**Data:**
========================================

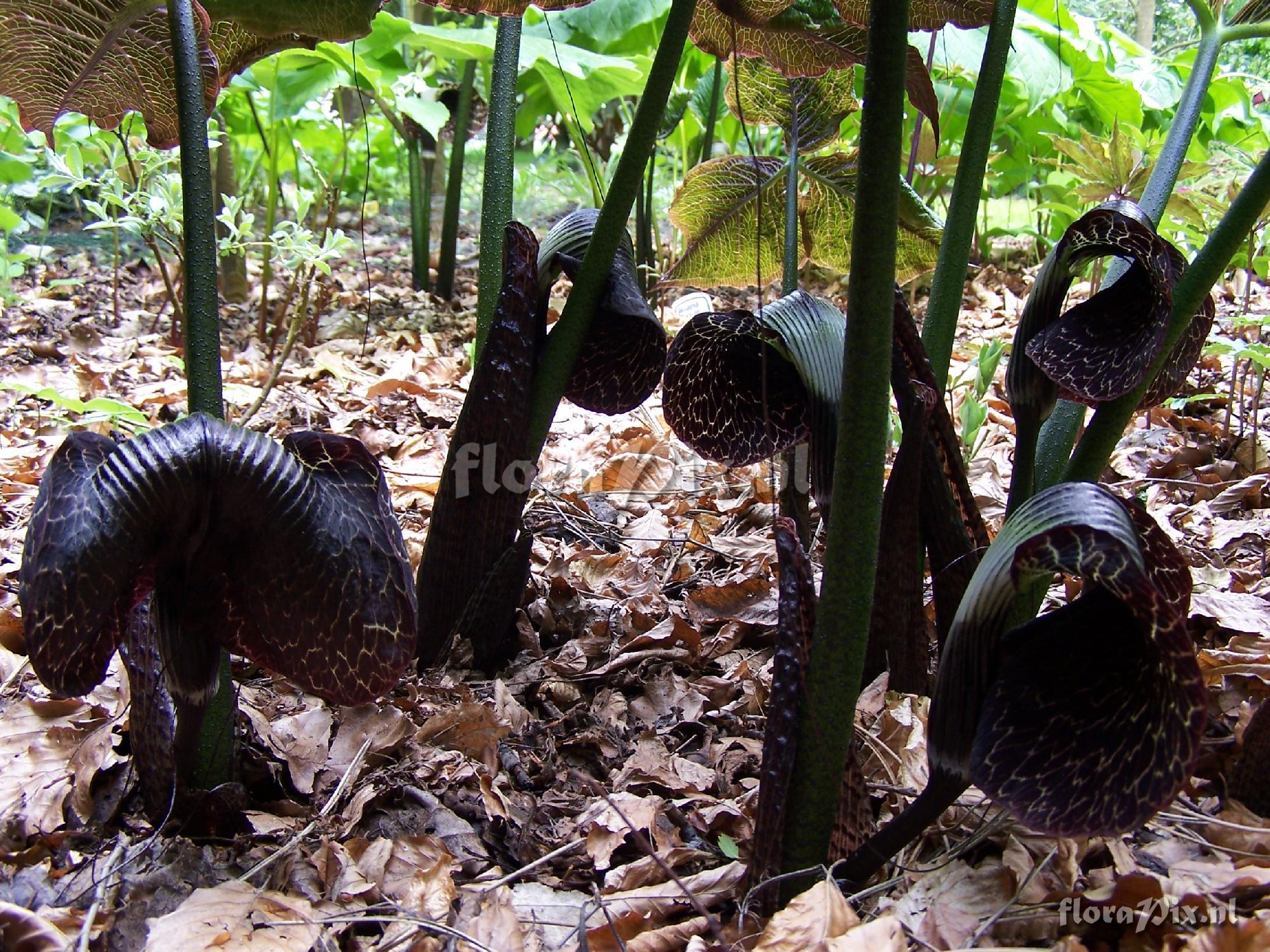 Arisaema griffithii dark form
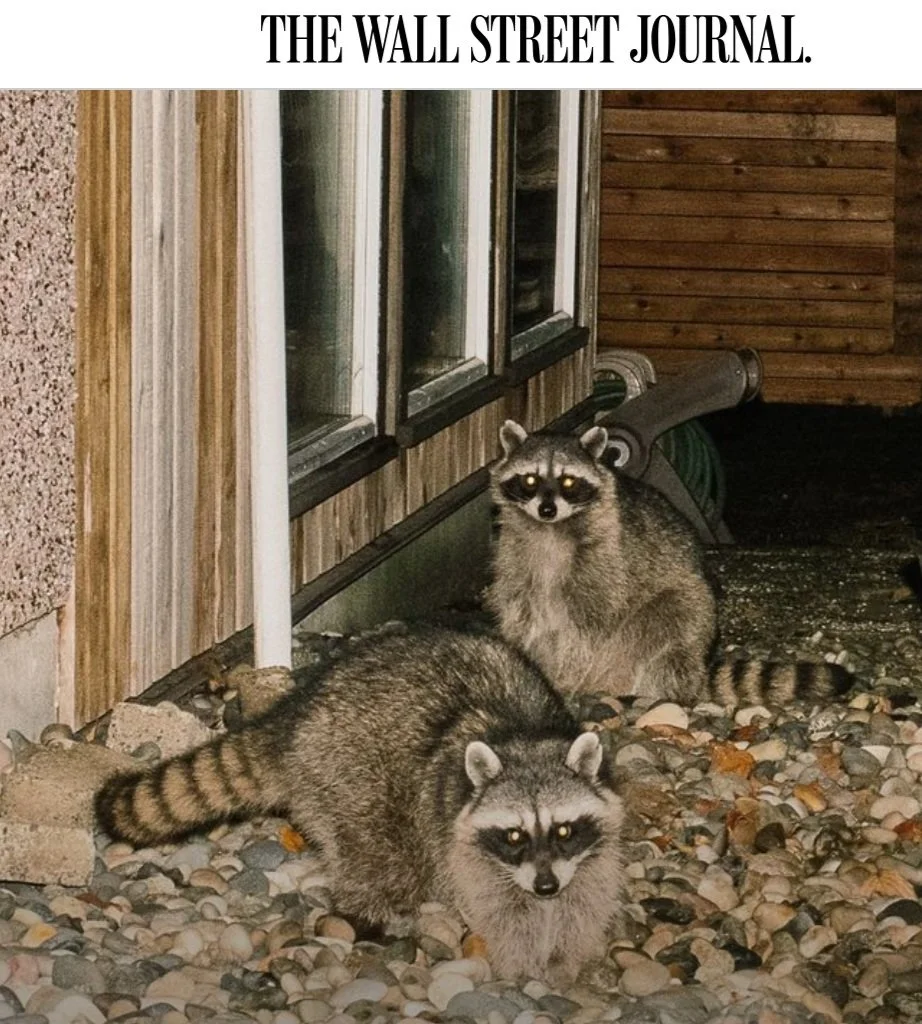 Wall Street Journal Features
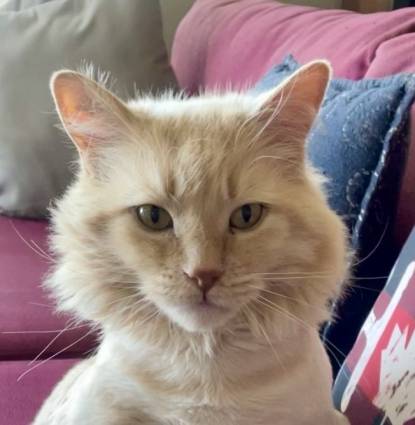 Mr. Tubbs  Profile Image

========================================

**Problem requirements:** What you write should match, word for word, the lines from the one containing "Wall Street Journal Features" to the end of the listing, with both ends kept and the pictures left out.

**Output:**
 Wall Street Journal Features
 Mr. Tubbs  Profile Image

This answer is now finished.